Task brief =
Using the records below, give again exactly the lines from the line that contains "Chaise de salle à manger d'extérieur Gracen" through the line that contains "新成屋(5年以下)＿現代風書房案例圖片＿春雨設計＿春雨_274 台太學之22", both ends included, and only those.

Entries supplied =
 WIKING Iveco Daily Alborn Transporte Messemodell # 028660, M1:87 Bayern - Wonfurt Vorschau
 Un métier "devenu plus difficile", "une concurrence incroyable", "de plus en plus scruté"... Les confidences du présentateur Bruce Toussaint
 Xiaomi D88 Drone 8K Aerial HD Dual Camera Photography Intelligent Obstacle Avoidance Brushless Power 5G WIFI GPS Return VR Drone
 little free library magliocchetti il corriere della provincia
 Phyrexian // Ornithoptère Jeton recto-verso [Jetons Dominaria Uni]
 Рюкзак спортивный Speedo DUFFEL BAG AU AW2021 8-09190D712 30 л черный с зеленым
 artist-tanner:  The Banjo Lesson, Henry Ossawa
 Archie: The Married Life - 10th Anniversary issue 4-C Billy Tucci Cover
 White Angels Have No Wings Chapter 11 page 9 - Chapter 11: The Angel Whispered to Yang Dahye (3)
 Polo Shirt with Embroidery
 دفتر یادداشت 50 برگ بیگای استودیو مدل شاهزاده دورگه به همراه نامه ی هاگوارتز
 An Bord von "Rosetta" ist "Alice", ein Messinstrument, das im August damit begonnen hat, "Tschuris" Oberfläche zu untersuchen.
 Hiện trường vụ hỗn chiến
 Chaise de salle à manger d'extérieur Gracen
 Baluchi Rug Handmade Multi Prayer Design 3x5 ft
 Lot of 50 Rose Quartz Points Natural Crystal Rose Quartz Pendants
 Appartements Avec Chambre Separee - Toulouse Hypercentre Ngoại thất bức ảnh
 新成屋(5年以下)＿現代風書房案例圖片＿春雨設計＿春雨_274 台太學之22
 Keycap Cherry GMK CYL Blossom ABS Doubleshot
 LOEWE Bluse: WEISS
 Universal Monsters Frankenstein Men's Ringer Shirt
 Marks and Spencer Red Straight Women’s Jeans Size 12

Solution for this task =
 Chaise de salle à manger d'extérieur Gracen
 Baluchi Rug Handmade Multi Prayer Design 3x5 ft
 Lot of 50 Rose Quartz Points Natural Crystal Rose Quartz Pendants
 Appartements Avec Chambre Separee - Toulouse Hypercentre Ngoại thất bức ảnh
 新成屋(5年以下)＿現代風書房案例圖片＿春雨設計＿春雨_274 台太學之22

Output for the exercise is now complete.